New study: Mesa County has one of the highest suicide rates in state
The Colorado Attorney General’s Office released a new study analyzing the patterns and trends in suicidal behaviors among youth.
Colorado consistently ranks in the top ten states for the highest suicide rate. They hope this study will find the best ways to address the issue.
Mesa County along with El Paso, La Plata, and Pueblo counties have the highest suicide rates in the entire state, according to the study.
"When we have good healthy, trusting relationships we are more likely to reach out for help when we need it,” said Sarah Robinson, Program Integration Manager, Mesa County Public Health.
The study looked at age-specific suicide rates dating back from 2003 to 2017. Looking at the data, from 2003 to 2017, the study shows those aged 25 and older had the highest rates in Mesa County. However, from 2014 to 2017 those aged 10 to 18 had doubled.
In 2009 to 2011 rates hit an all-time high for those aged 19 to 24, as they far surpassed any other age group.
"By and large it’s adults that are carrying the loss burden of suicide deaths. Specifically middle-aged, older males,” said Genevieve Morris, School District 51 Suicide Prevention Specialist.
Statistics were gathered from interviews with public health departments, focus groups, schools and youth organizations.
"Now we have all of our middle and high schools participating in a resilient suicide prevention program and we are going to continue to make sure that all of our staff are trained every year in suicide intervention,” said Morris.
Risk factors include social media, cyberbullying, pressure about failing, lack of connections to a caring adult, substance use, and lack of acceptance.

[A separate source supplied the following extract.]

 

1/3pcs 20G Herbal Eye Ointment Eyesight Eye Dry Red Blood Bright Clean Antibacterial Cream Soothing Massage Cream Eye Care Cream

The number one contributor is mental health disorders.
"Making sure that they have important, safe people to talk to whether that's for youth or adults, we all need good, healthy relationships,” said Robinson.

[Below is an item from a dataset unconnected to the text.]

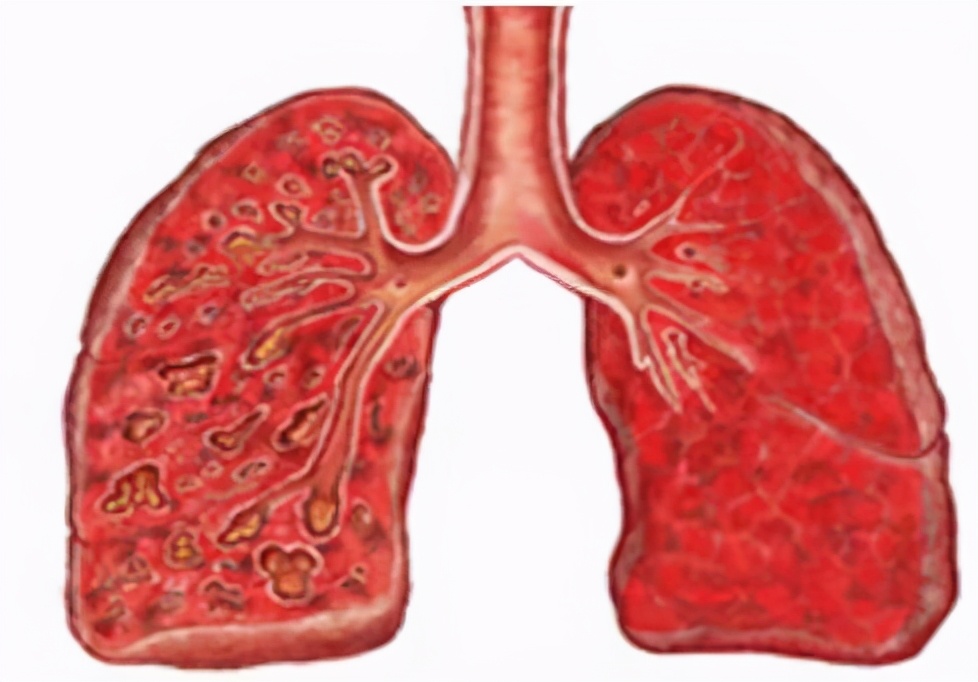 类风湿结节是类风湿关节炎的关节外表现，可运用糖皮质激素治疗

The anonymous reporting program, Safe 2 Tell, got 2,786 suicide intervention tips last school year across the state. 103 of them were in District 51.
"Just solidified that we need to continue to do the work that we are doing and that we are making positive strides in those areas,” said Morris.
According to the study, more Coloradans die by suicide than homicide, motor vehicle crash, diabetes, and breast cancer. It's the second leading cause of death for those aged 10 to 34.
Mesa County Public Health says it’s best to look for warning signs in people. Look for people talking about being a burden, feeling trapped or hopeless, saying they want to die, sleeping too little or too much, showing rage and displaying huge mood swings.
If they are acting this way don’t leave them alone, remove harmful items like firearms and alcohol, and seek professional help.
Safe 2 Tell’s number is 1-877-542-7233 and the Colorado Crisis Line is 1-844-493-8255.